RECORDS TO USE: Begin
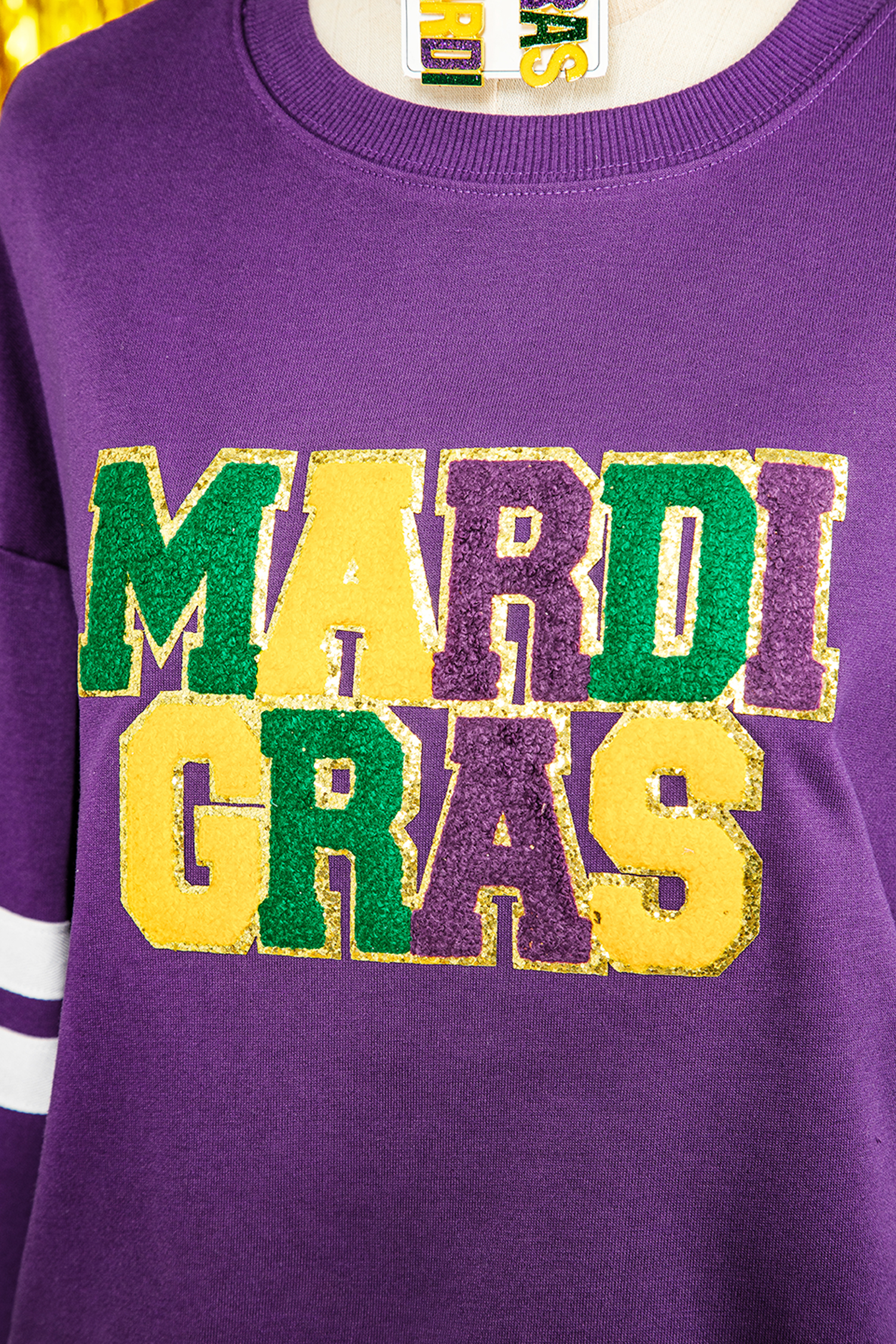 Tillandsia Purple Mardi Gras Patched Graphic Varsity Sweatshirt - loveforevers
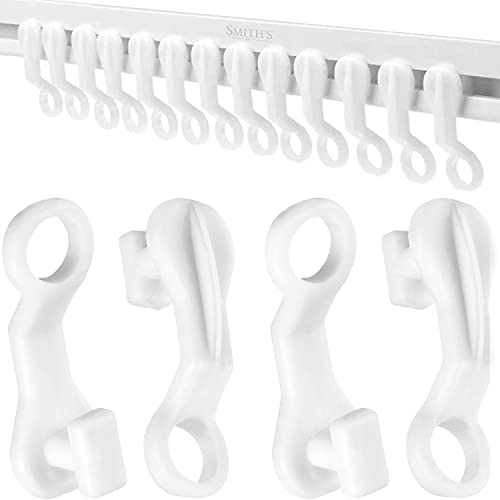 Smith’s® 50x Glider Hooks | White, Plastic Curtain Sliders | Compatible With Swish Bracket Runners | Heavy-Duty | Fits 99.9% of Curtain Rails & Tracks!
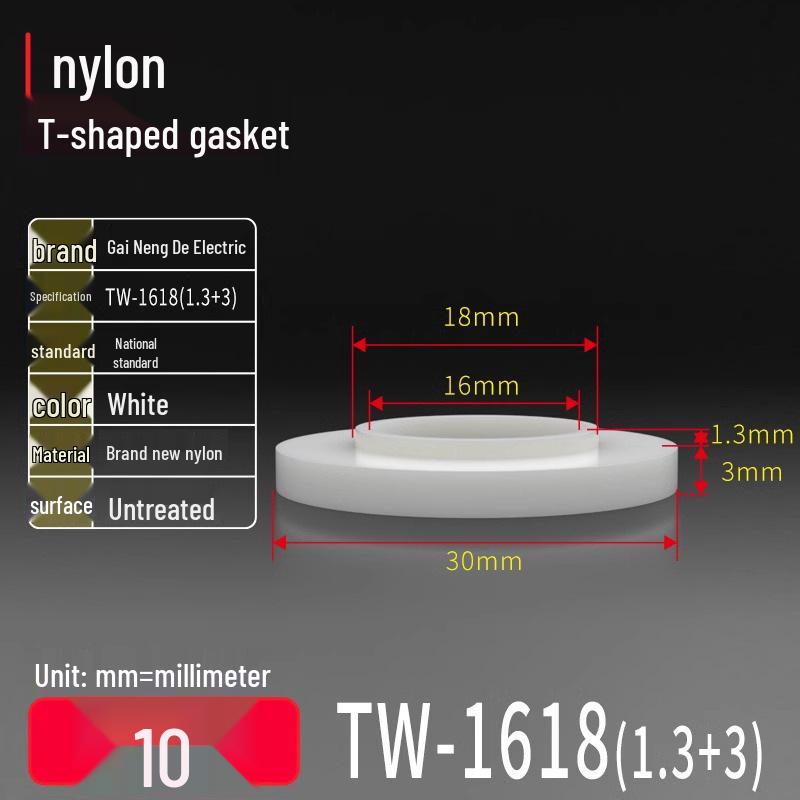 T-shaped Nylon Gasket Ring Screw Shaft Sleeve, Round Concave-Convex Insulation Pad, M2-M35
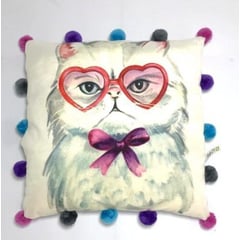 RUE 21 - Cojin Decorativo Estampado Gato con Lentes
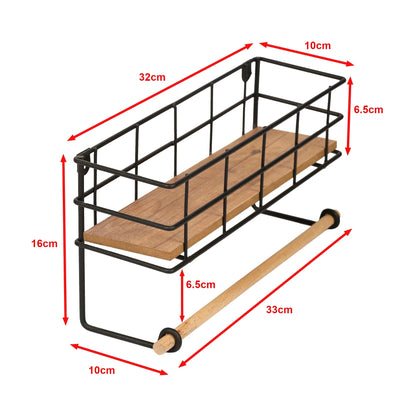 In And OutdoorMatch Wandrek Marten - 16x33x10 cm - Zwart en Houtkleurig - Praktisch - Stijlvol - Opbergen Wandplank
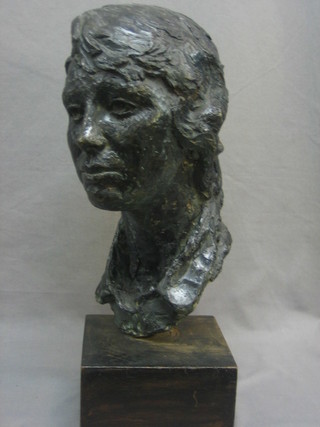 A fibre glass head and shoulders portrait bust of a lady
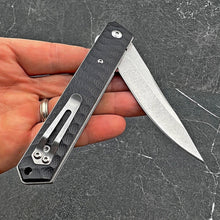 Load image into Gallery viewer, RONIN: Straight Back 8Cr13MoV Blade, Black G10 Handles, Ball Bearing Flipper System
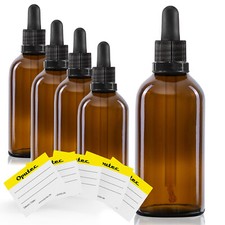 5x Flacone Pipetta Oputec 100ml in Vetro Ambrato + 5 Etichette, Flacone Farmacista 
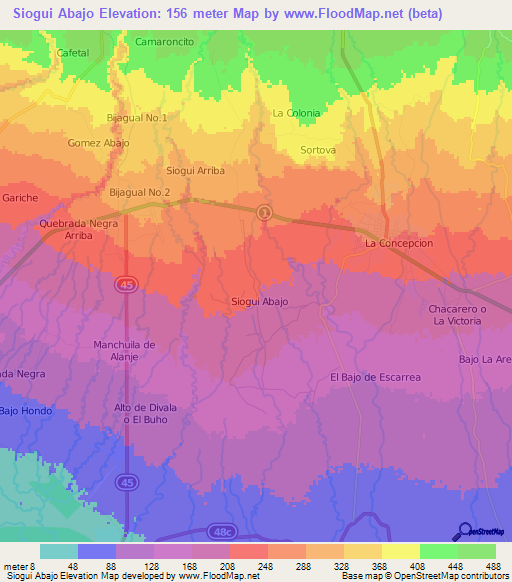 Siogui Abajo,Panama Elevation Map
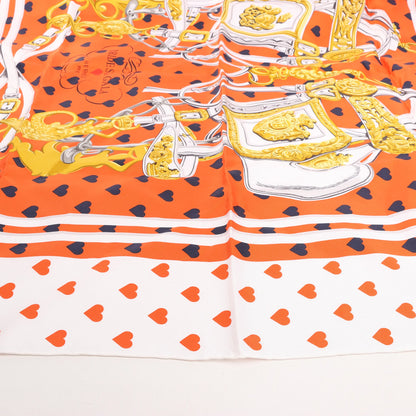 Hermès Carré 90 "BRIDES de GALA LOVE" Silk handkerchief in Red x White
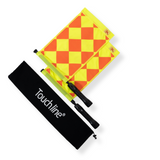 Touchline XL Continental-style flag set: two red and yellow chequered flags with drawstring bag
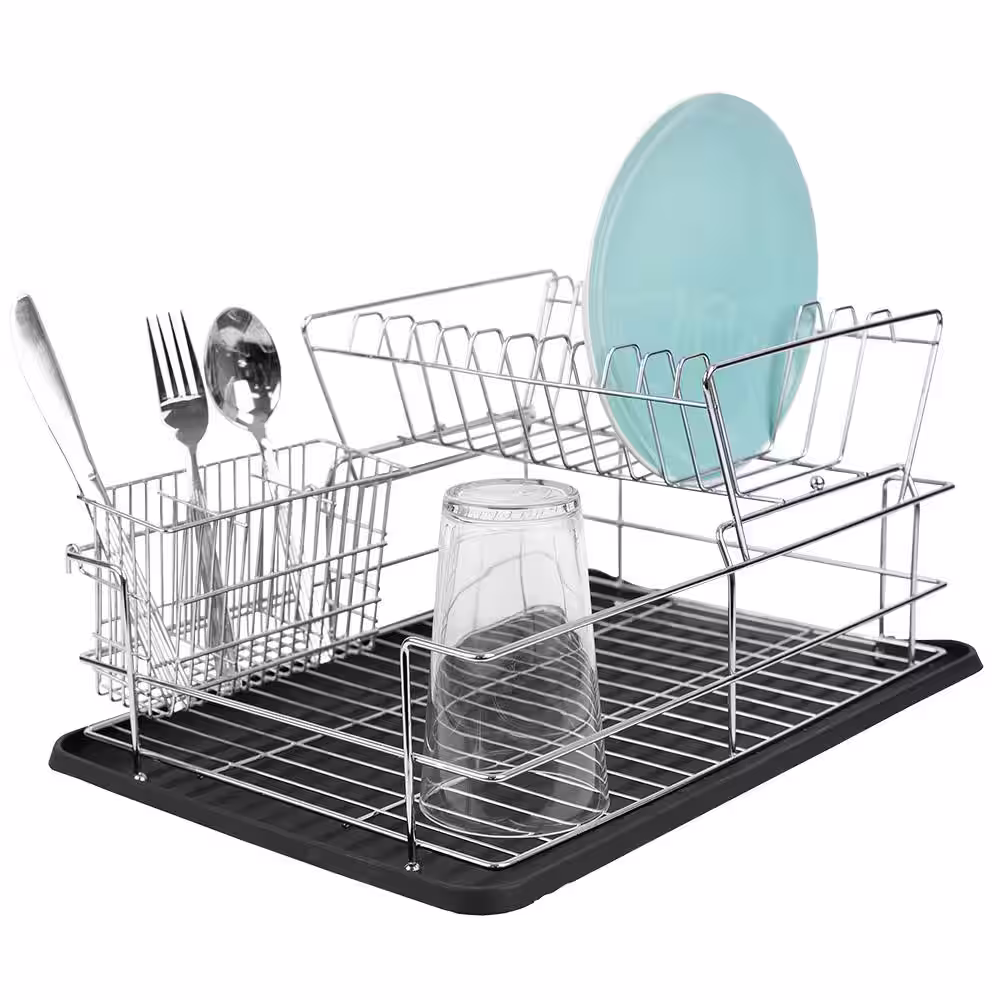 None Deluxe Black 2-Tier Dish Rack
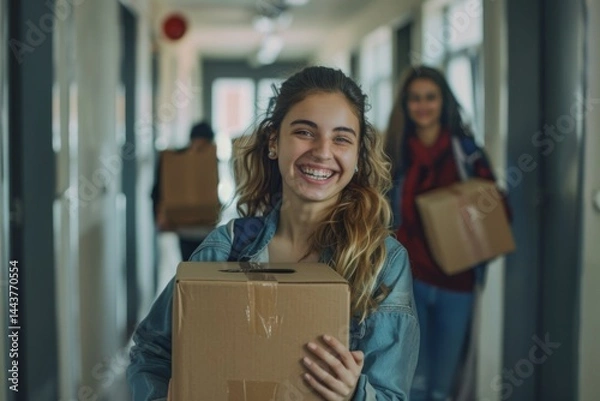 Fototapeta Smiling female college students carry boxes in dormitory hallway on moving day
RECORDS TO USE: End
--- THE PROBLEM ---
Produce a verbatim copy of every entry, excluding pictures.

--- WRITTEN SOLUTION ---
 Tillandsia Purple Mardi Gras Patched Graphic Varsity Sweatshirt - loveforevers
 Smith’s® 50x Glider Hooks | White, Plastic Curtain Sliders | Compatible With Swish Bracket Runners | Heavy-Duty | Fits 99.9% of Curtain Rails & Tracks!
 T-shaped Nylon Gasket Ring Screw Shaft Sleeve, Round Concave-Convex Insulation Pad, M2-M35
 RUE 21 - Cojin Decorativo Estampado Gato con Lentes
 In And OutdoorMatch Wandrek Marten - 16x33x10 cm - Zwart en Houtkleurig - Praktisch - Stijlvol - Opbergen Wandplank
 A fibre glass head and shoulders portrait bust of a lady
 Load image into Gallery viewer, RONIN: Straight Back 8Cr13MoV Blade, Black G10 Handles, Ball Bearing Flipper System
 5x Flacone Pipetta Oputec 100ml in Vetro Ambrato + 5 Etichette, Flacone Farmacista 
 Siogui Abajo,Panama Elevation Map
 Hermès Carré 90 "BRIDES de GALA LOVE" Silk handkerchief in Red x White
 Touchline XL Continental-style flag set: two red and yellow chequered flags with drawstring bag
 None Deluxe Black 2-Tier Dish Rack
 Fototapeta Smiling female college students carry boxes in dormitory hallway on moving day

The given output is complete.